Mediterranean Tortellini Salad
Pancetta CrispsWine Recommendation
19 Crimes Hard Chardonnay
Ingredients
- 1 (17-oz) pkg refrigerated tricolor cheese tortellini
- ½ lb asparagus, cut into bite-size pieces
- 1 (12-oz) jar sliced roasted red peppers, drained
- 1 (12-oz) jar marinated quartered artichoke hearts, drained
- 1 pint grape tomatoes
- 1 (6-oz) jar pitted kalamata olives, drained
- 1 (16-oz) bottle balsamic vinaigrette
- 1 cup freshly grated Parmesan cheese
Instructions
- Cook tortellini according to package directions. Add asparagus during last 2 minutes of cooking. Drain.

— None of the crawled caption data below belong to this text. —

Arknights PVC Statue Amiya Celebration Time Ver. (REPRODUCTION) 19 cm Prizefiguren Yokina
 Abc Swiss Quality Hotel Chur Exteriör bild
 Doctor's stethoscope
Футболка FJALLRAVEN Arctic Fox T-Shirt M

- Combine pasta, asparagus, red peppers, artichokes, tomatoes, and olives in a large bowl. Drizzle with desired amount of vinaigrette; toss. Sprinkle with cheese and Pancetta Crisps.
Side Dish Ingredients
- 2 (3-oz) pkg thinly sliced pancetta
Side Dish Instructions
- Preheat oven to 450°F. Arrange pancetta slices on a foil-lined baking sheet. Bake 5 to 10 minutes or until crisp.
- Transfer to a wire rack to cool. Serve on or with Tortellini Salad recipe.